This type of imagery attributed to foreign Aid organisations is one of the most dominant and enduring depictions of Africa and by extension much of the Global South by the Global North. The enduring consequence of this singular narrative is that it “It robs people of dignity”. Countries that comprise the Global South are often defined through their differences to the Global North. The splitting of the world into two opposing categories is a deliberate manoeuvre in which the West positions itself as superior. This split is something that theorist Stuart Hall has commented on many times: “The world is first divided, symbolically, into good-bad, us-them, attractive-disgusting, civilized-uncivilized, the West-the Rest.” ,a society which seeks to assert its self-proclaimed dignity cannot do so without first declaring who is undignified.

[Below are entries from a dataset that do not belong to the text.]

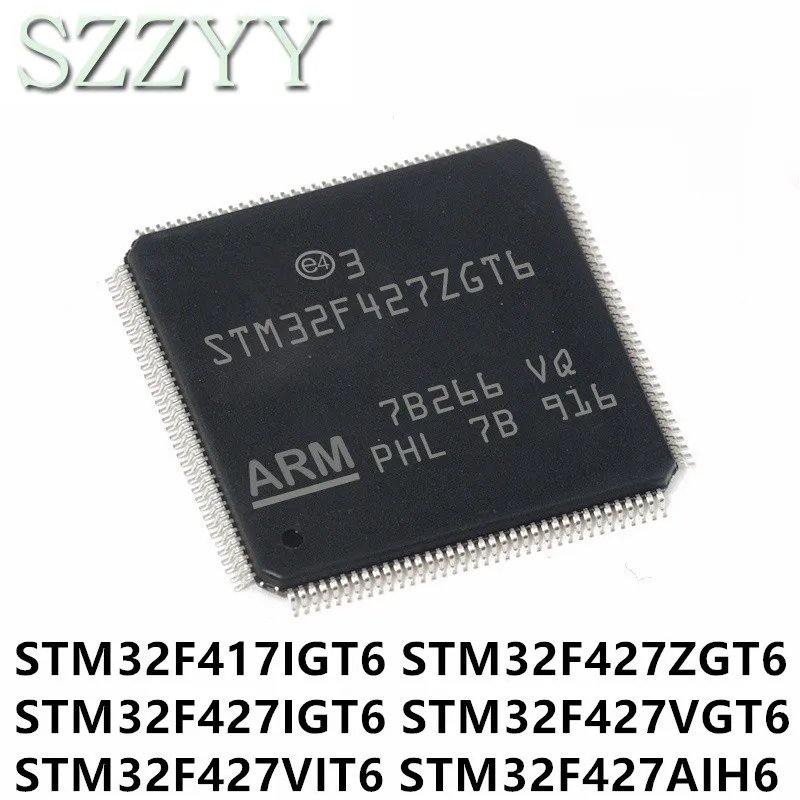 

(1piece)100% New STM32F417IGT6 LQFP176 STM32F427ZGT6 QFP144 STM32F427IGT6 STM32F427VGT6 STM32F427VIT6 STM32F427AIH6 LQFP Chipset
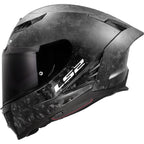 Casco Moto Integrale LS2 FF807 DRAGON Carbonio Forgiato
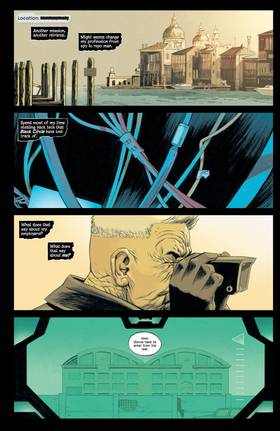 Read Old Dog: Operations (One Shot)  1 Page 3 in English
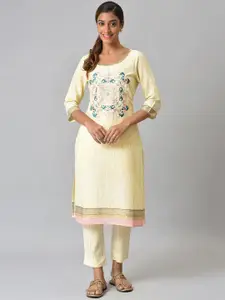 AURELIA Women Ethnic Motifs Printed Kurta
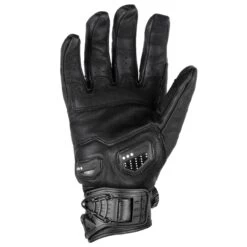 KNOX ORSA LEATHER GLOVE - BLACK 13 KNOX ORSA LEATHER GLOVE - BLACK -Ride Style Shop dsc7117 sqr 2 1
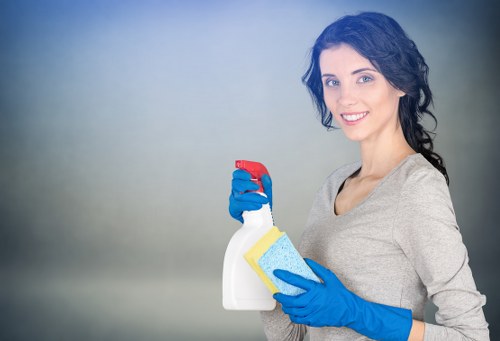 Commercial deep cleaning service for a business in Uxbridge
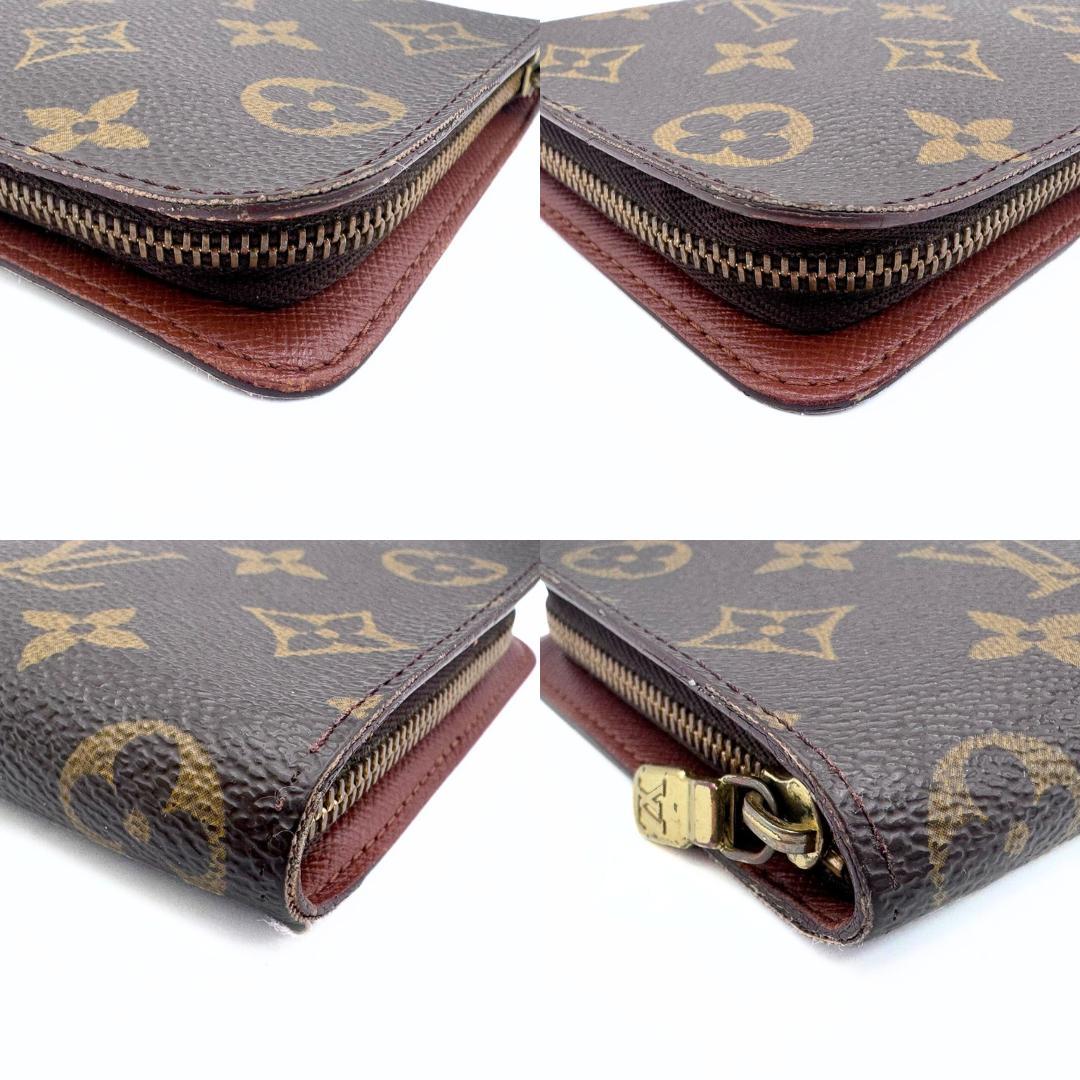 訳アリ☆ルイヴィトン ポルトモネジップ ラウンドファスナー財布 M61727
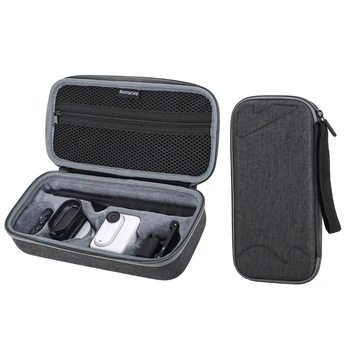 Чанта за съхранение, носене за Insta360 Go3, Противоударная защитна чанта, Водоустойчива кутия, Мини-дръжка за носене, ремък, трайни аксесоари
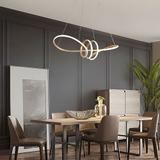 HÄNGANDE LAMPA LED LHJ036-CP GULD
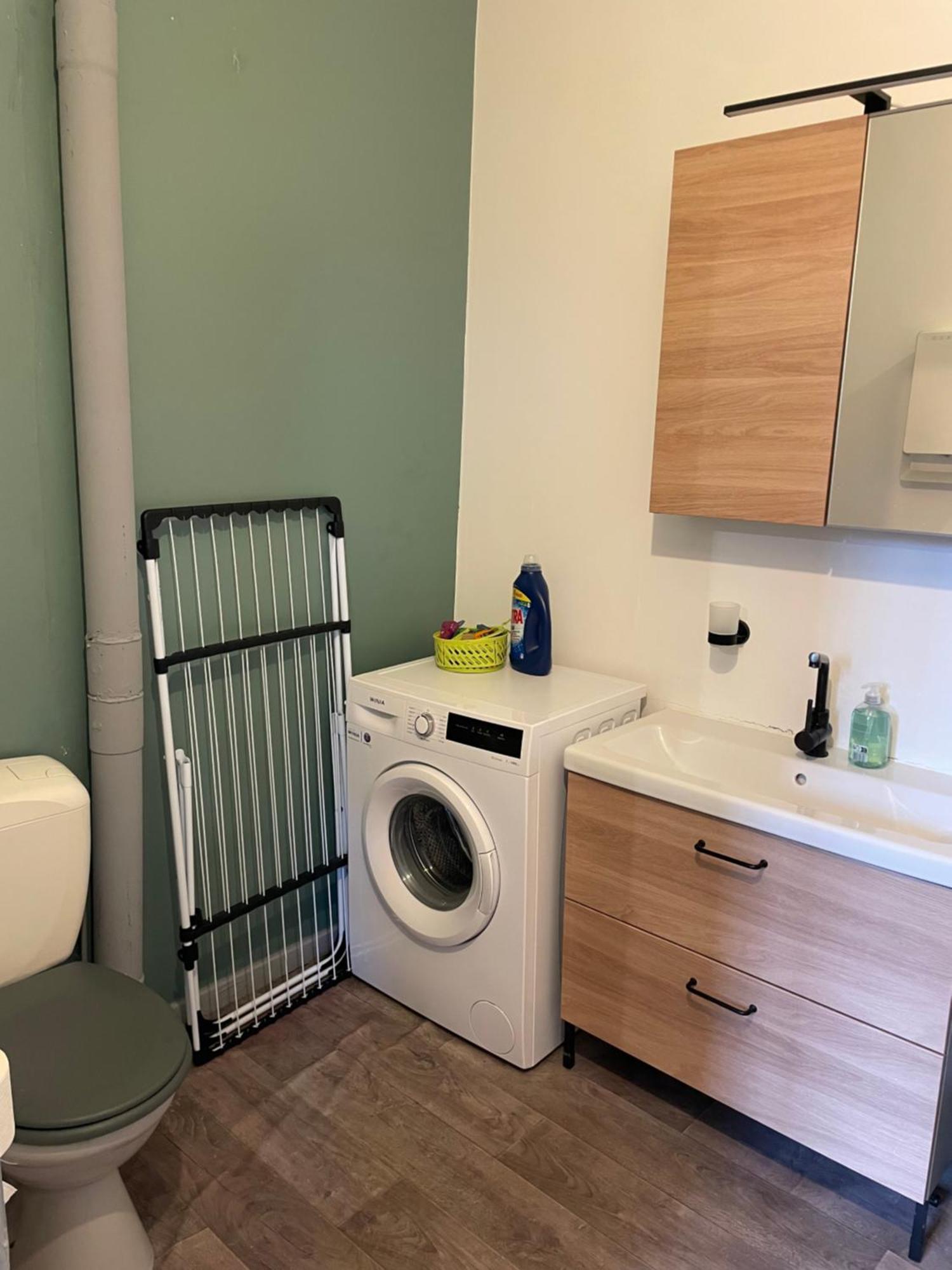 Charmant Appartement Avec Jardin Нансі Екстер'єр фото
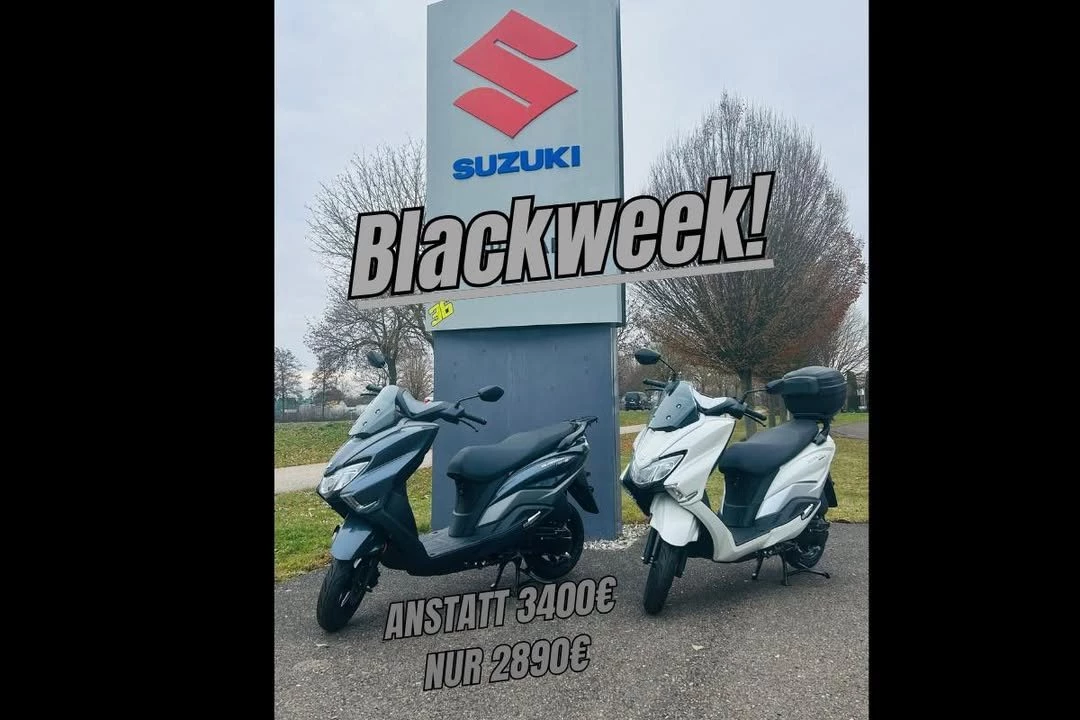 Vorschaubild für Post - Der 125er Roller ist im Angebot!🔥
 – jetzt noch zuschlagen! 
Wir beraten euch gerne.
Burgman
4 Jahre Garantie!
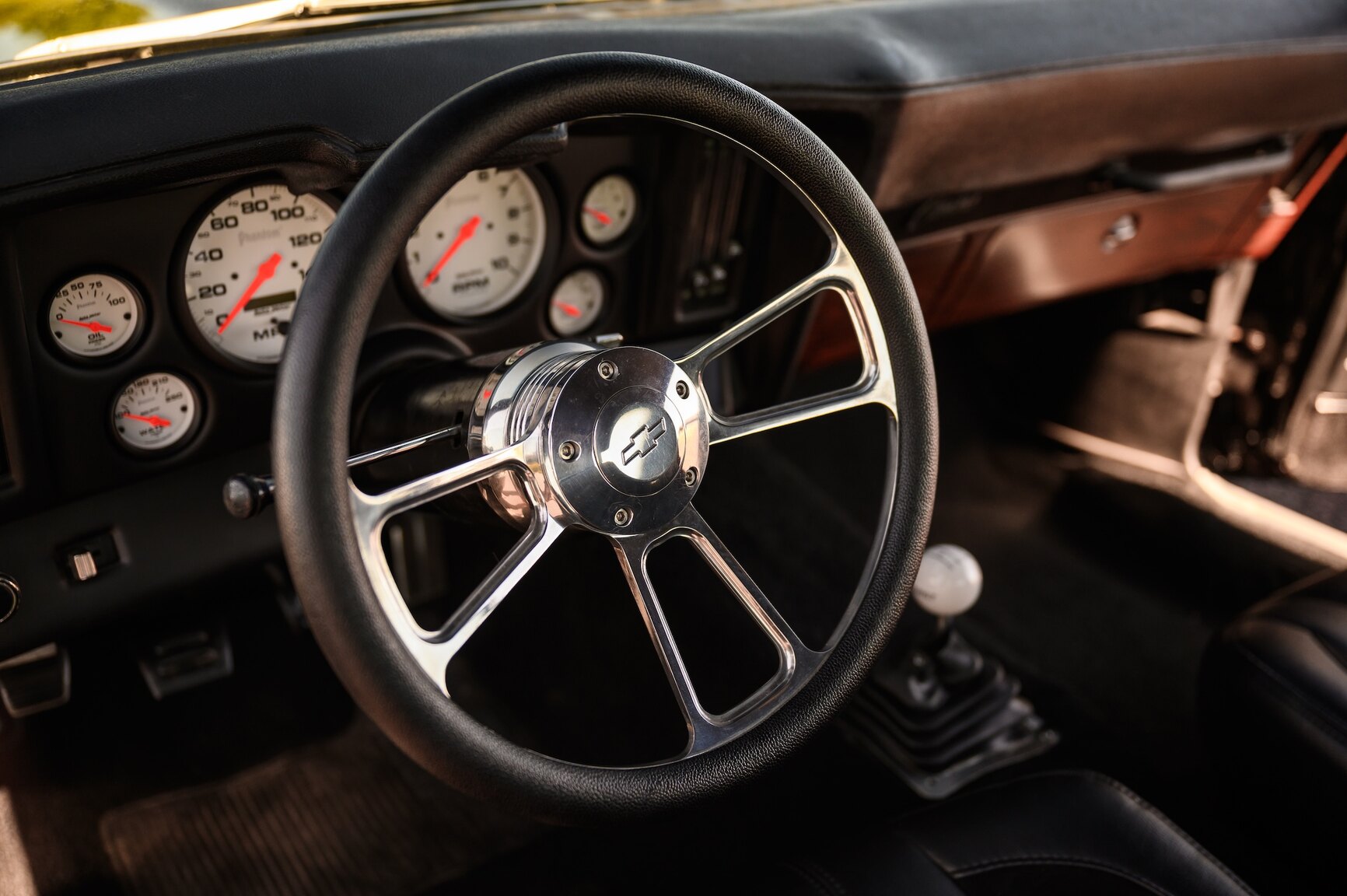 Interior image of 1969 Chevrolet Camaro SS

The African Missionary, 1928.




Africa in The Irish Imagination

Historically speaking, Africa has been labelled “The Dark Continent” particularly by European and American writers. In his satirical piece How to Write About Africa, Kenyan author, and journalist Binyavanga Wainaina lists the “characters” that must be included to fit this view of Africa and he too references the types of visuals which were typically circulated by NGOs, those of “The Starving African, who wanders the refugee camp nearly naked, and waits for the benevolence of the West. Her children have flies on their eyelids and pot bellies, and her breasts are flat and empty.”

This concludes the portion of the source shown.